Citic Pacific’s Sino Iron venture will live for ever – as a textbook study of inexperienced management meeting Murphy’s law. The project, in Australia’s Pilbara region, has already exceeded its budget five times over. It is finally shipping ore, admittedly, and is setting a new standard of openness for Chinese state-owned groups by talking about what went wrong. But when $10bn has been sunk into a very big hole, perseverance and openness are not so much virtues as necessities.

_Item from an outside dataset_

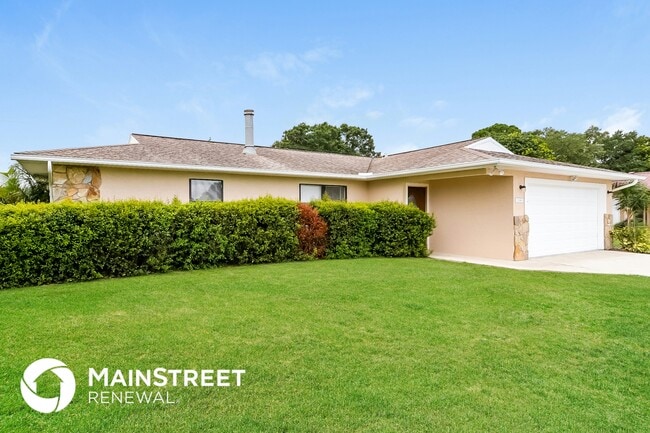 350 NE Genesee Ave, Unit 048 in Port St. Lucie, FL - Building Photo - Building Photo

The chairman’s statement, part of its full-year results, was refreshing. Too many SoEs seem to run corporate buzzwords through Google Translate and rearrange them. A chairman who admits more hands-on management was needed is a novelty, though cynics might read that as a promise never to invest alongside fellow-SoE China Metallurgical Group (MCC) again. MCC’s initial plan to import cheap Chinese labour into the Pilbara, for example, never stood a chance. The risk management issue will stir up bad memories for investors who remember the 50 per cent share slide that followed Citic Pacific’s $2bn currency hedge loss in 2008.
Sino Iron makes up less than a third of Citic Pacific’s assets, which include property, telecoms and steel, but it is the top priority for the management team, according to its chairman. Production this year could top 3m tonnes. To reach its 24m full capacity, more investment is needed. But Citic Pacific will not say how much or when, nor will it lay out production costs. Refining low-grade magnetite into ore on this scale admittedly faces unique challenges. Any figure is hostage to factors ranging from ore prices and labour costs to the outcome of a bitter court battle over royalties. But investors still deserve to know what rate of return the company expects. Or is this a hole so deep the only option is to keep digging regardless?